Document Type
Article
Publication Title
Arizona State Law Journal
Volume
58
Publication Date
2026
Abstract
It is time to reorient the debate over the right to a human decision. Within that debate, the strongest arguments in favor of human decisionmakers are Arguments from Explanation: AI technology is increasingly and necessarily opaque, and so machines should not replace human decisionmakers because machines cannot give the required explanations. Or so the humanist argument goes. Meanwhile, machinists argue that most humanist principles have been deflated by the Better Decision Argument, which reframes such principles as grounding not a right to a human decision, but merely to a “better” decision— whether by human or machine.

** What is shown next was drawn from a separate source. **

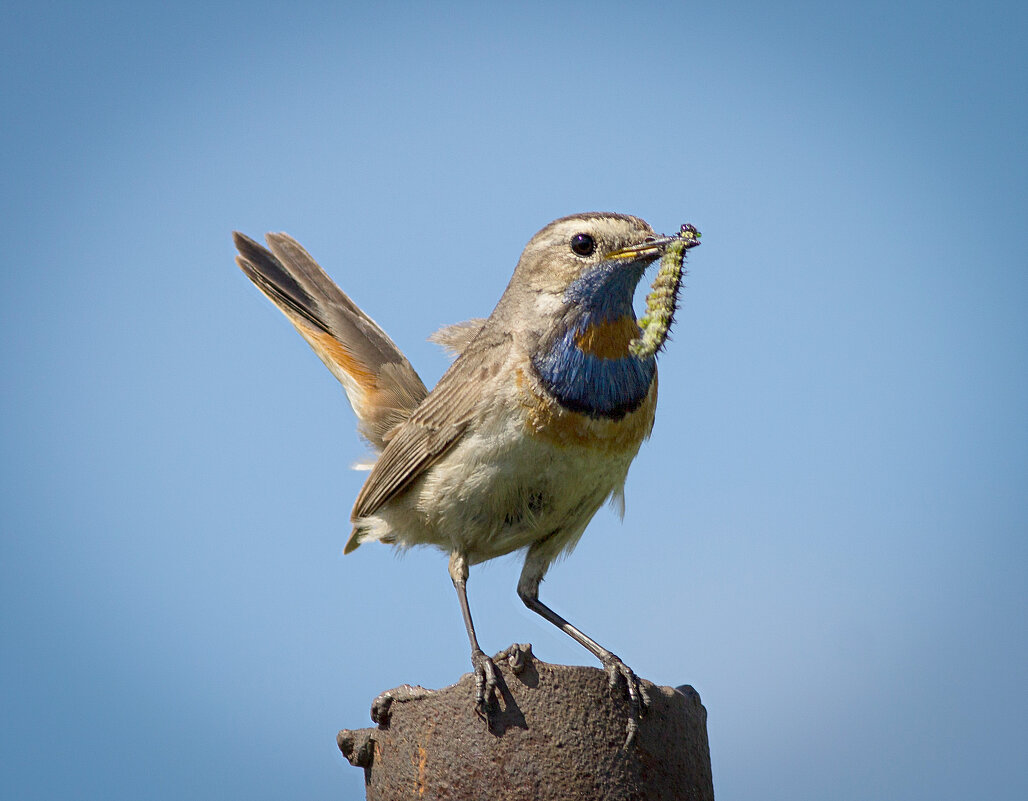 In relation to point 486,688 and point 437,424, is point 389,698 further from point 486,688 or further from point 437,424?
point 437,424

This Article turns that debate on its head. First, it offers a reason to doubt Arguments from Explanation: human judges sometimes don’t know what they ought to do. They have what is called “normative uncertainty.” But if they respond to that uncertainty rationally, they will not provide the kind of explanation demanded of machines. Thus, Arguments from Explanation do not count in favor of human judges, the quintessential example of decisions where an explanation is owed.
But while normative uncertainty gives machinists one advantage, it also undermines the machinists’ Better Decision Argument. Machines may offer the illusion of an idealized AI decisionmaker like Dworkin’s Hercules. But building a machine usually requires hardwiring objectives. Such hardwiring can preclude rational consideration of normative uncertainty, making it harder for machines to aim at a “better” decision. As a result, normative uncertainty also deflates the machinists’ Better Decision Argument.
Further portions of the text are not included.